→ **Description of the task**:
Give the lines below again, exactly as they stand, and leave out the images.

→ **Image-text web data**:
■ ■ ■ ■ ■

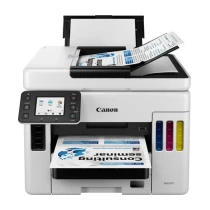 Canon Maxify Gx7040 Çok Fonksiyonlu Photoink Mürekkepli Tanklı Yazıcı Tarayıcı Fotokopi Faks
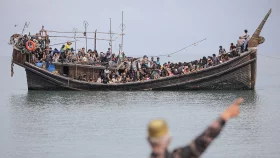 How Arsa and the Arakan Army make money from trafficking Rohingyas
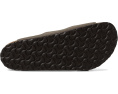 Birkenstock Arizona с пробковой стелькой и верхом из Birkibuc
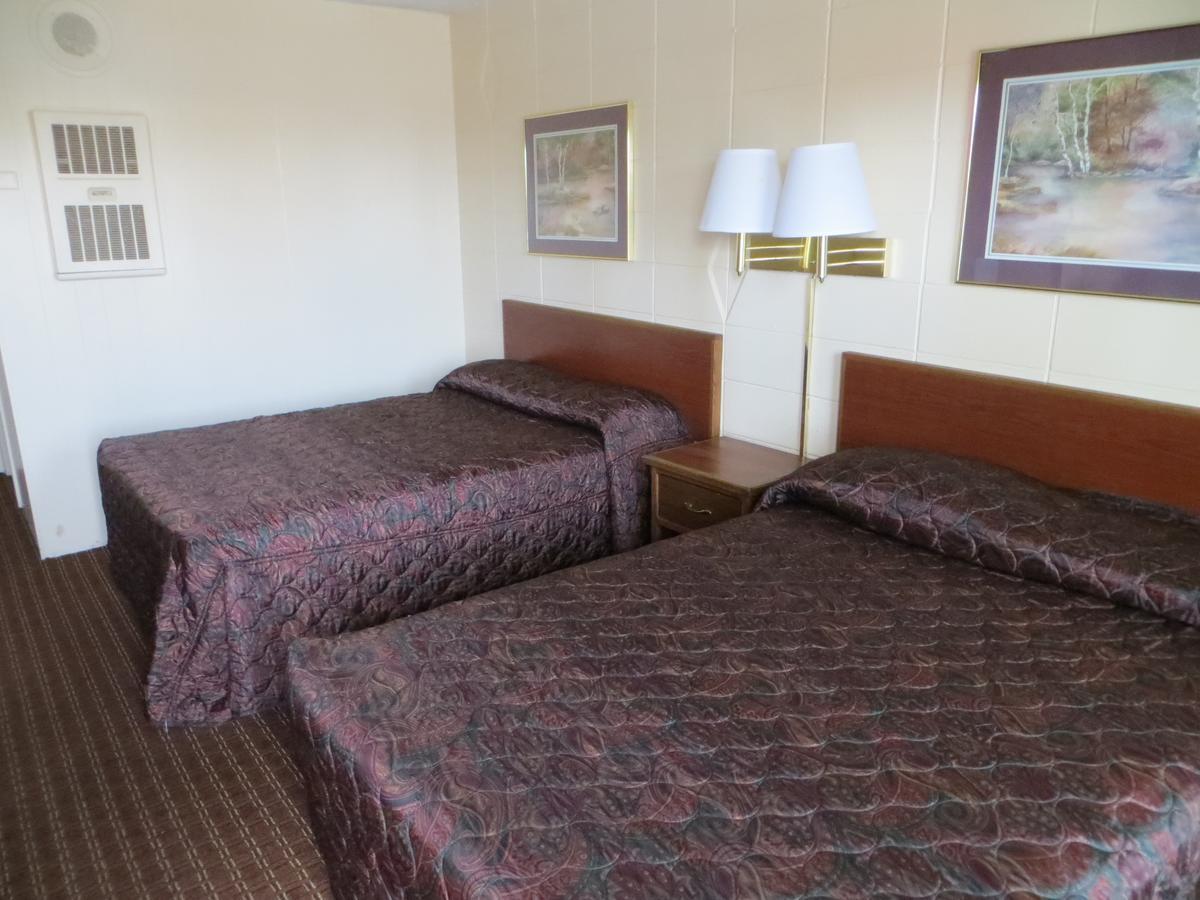 Deluxe Inn/Extended Stay - Council Bluffs Carter Lake Dış mekan fotoğraf
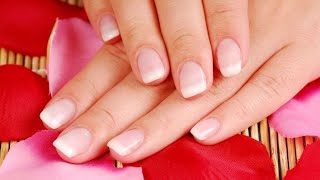 Manicura francesa perfecta en 8 pasos  Belleza [upl. by Ablasor407]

■ ■ ■ ■ ■

→ **Task response**:
 Canon Maxify Gx7040 Çok Fonksiyonlu Photoink Mürekkepli Tanklı Yazıcı Tarayıcı Fotokopi Faks
 How Arsa and the Arakan Army make money from trafficking Rohingyas
 Birkenstock Arizona с пробковой стелькой и верхом из Birkibuc
 Deluxe Inn/Extended Stay - Council Bluffs Carter Lake Dış mekan fotoğraf
 Manicura francesa perfecta en 8 pasos  Belleza [upl. by Ablasor407]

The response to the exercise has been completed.